Originally, it was written in English ‘cause I think in English. Right now, when I speak in Bahasa Indonesia, I’m like translating live in my head. But yeah, I wrote the song in English and my mom encouraged me to make the second version in Bahasa Indonesia, just for fun so people know that I am bilingual.
How would you describe your tunes in three words?
I find it, like, my true music is EDM. But then that’s one word! [Laughs] Electronic meets organic, so even though it’s pretty electronic, there’s always an organic sound like a guitar or a piano sound or like gamelan. I love gamelan sounds.
Having a mom who is also a musician, what is it like to come from a musical family?
It’s actually not very different from having parents who are businessmen or businesswomen or anything like that because my mom gak pernah force her ideals on me. But having a musician parent does help because when I decided to become a musician, she knows a lot. Especially with Indonesia’s music industry. She has a lot of things to help me with. It helps a lot. But it’s pretty much similar to everyone else’s experience. If your parent was a lawyer, and then you chose to be a lawyer, they would help you because you didn’t know what to do.
How has your mom influenced your music taste?
I think taste wise, not much. She’s always very open with letting me delve into my own taste. But since my taste is pretty pop, she often introduces me to new music like, “Meni [Stephanie’s nickname], have a listen to this!” I tend to listen to primarily Western music, not that I don’t like Indonesian music, but whenever I open the playlists made by digital music platforms, they mostly filled with songs in English.
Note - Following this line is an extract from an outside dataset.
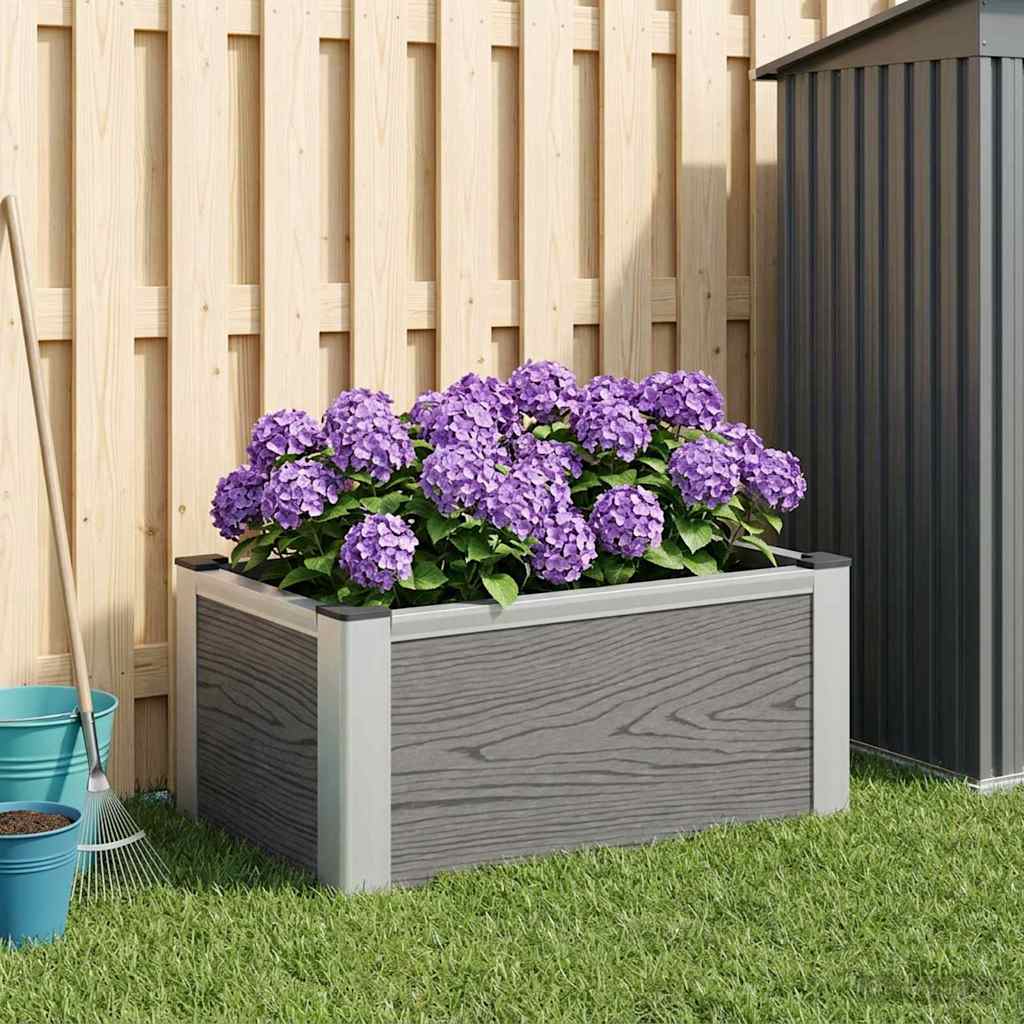 Verhoogde plantenbak Grijs 50 x 30 x 22 cm WPC en Aluminium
So, my mom really introduces me to Indonesian songs that I might not have heard.
When did you know you wanted to be a musician?
I guess ever since I was little I knew I liked singing and I knew I liked music. But to think that this could be something was when I started writing songs. I used to think that being a singer is just singing, and then when I started to write my own lyrics, that’s when I was like, “Oh, I can be creative too!” I’m always really into art and creating things and I was like, “Oh, finally, I can create something and sing it at the same time!” It’s the best of both worlds! I think the light-bulb moment came when I was in high school. I took creative art class in high school, but then I started to miss doing music. So I made music on my free time. And when I graduated I realized that I wanted to be a singer, guys!
You have videos talking about PlayerUnknown’s Battlegrounds (PUBG), are you into that mobile game?
I’m an e-girl guys! I like to play games. Maybe because my brother liked to play games and I kind of copy what he did—like when you’re young you like to copy your siblings. And as I grew up, I started being really into games, mostly because I am a very competitive person! Like, it’s kind of annoying. When I was in school I would do sports and stuff and then when you graduate I don’t do sports anymore, there’s no team anymore. So I find that competitiveness spirit from gaming, especially from PUBG, where it’s like a team work and also like I’m trying to prove myself to my teammates. It’s also like competing against your own team. I kind of always look for something to compete against, which isn’t good.
Do you have a skill you want to explore further?
My art. I used to be really into graphic design and animation and I’m currently trying to dive deeper into those things, so in the future my music videos could have animations made by me. I even edited all of my music videos and I really want to do my own cover arts in the future, so my whole career would be like DIY.
What are you looking forward to at the moment?
I feel like I’m really grateful for how good “I Love You 3000” has been. The song is accepted by the people—Marvel fans, K-pop fans—I’m so happy. [Giggles] I’m really looking forward to how the people perceive my next song. Hopefully they’ll like it. I’m just looking forward to the creation process and also the feedback from people.
When is the next song coming?
I don’t know, really. [Giggles] Everything depends on my mind. If I’m feeling creative then there’s gonna be a song. If not, then we should just wait.